Observed failure modes
- A summary omits a constraint mentioned early; many turns later the agent violates it because that fact is simply gone from context.
- Repeated re-summarization amplifies paraphrase errors and omissions until the running summary no longer reflects what actually happened.
- A misconfigured budget compresses identifiers or instructions that were meant to be protected, breaking correctness silently.
- An aggressive relevance threshold filters out context that mattered for an edge case, so quality looks fine in tests but fails in the field.
Lessons learned
- Token reduction is trivial to maximize and meaningless alone; the real metric is whether the model still answers correctly.
- Explicitly protect identifiers, constraints, and the current goal so no compression stage can evict them.
- Compress old history, not the active context; the most recent exchanges carry the most decision-relevant signal.
- Tune aggressiveness per workload against an eval set; what is safe for chit-chat is reckless for an audit task.
FAQs
- How is this different from long-term memory?

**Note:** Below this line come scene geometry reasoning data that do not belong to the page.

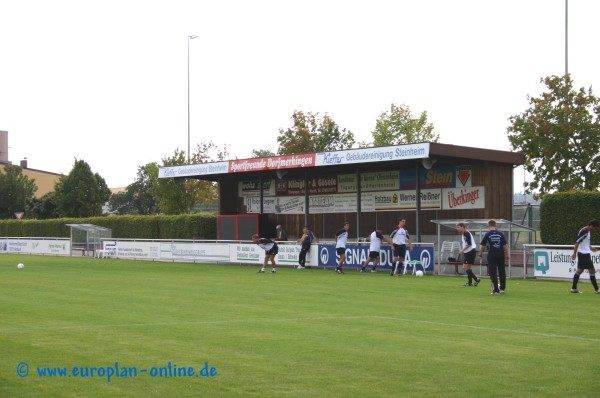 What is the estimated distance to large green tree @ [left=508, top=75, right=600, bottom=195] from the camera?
38750 mm

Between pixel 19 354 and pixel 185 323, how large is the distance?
153 inches

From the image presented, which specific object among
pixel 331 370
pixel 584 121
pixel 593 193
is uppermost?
pixel 584 121

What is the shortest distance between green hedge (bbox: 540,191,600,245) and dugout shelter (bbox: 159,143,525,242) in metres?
2.20

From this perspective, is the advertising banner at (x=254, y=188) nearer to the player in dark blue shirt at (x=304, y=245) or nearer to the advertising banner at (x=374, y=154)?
the advertising banner at (x=374, y=154)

- Long-term memory persists facts outside the prompt and retrieves them on demand; context compression shrinks the live context sent on each call. They are complementary: memory decides what to bring back, compression decides how compactly it sits in the window.
- Summarize, prune, or compress — which should I use?
- Prune first (free, lossless when removing true redundancy), summarize older history when it grows unbounded, and add prompt compression only when you still need more headroom and can validate the quality cost. Most systems combine all three.
- How do I know compression is hurting quality?
- Run an evaluation set with compression on and off and compare task outcomes, not just token counts. Watch for confidently wrong answers and dropped constraints — those are the signature of lossy compression that has gone too far.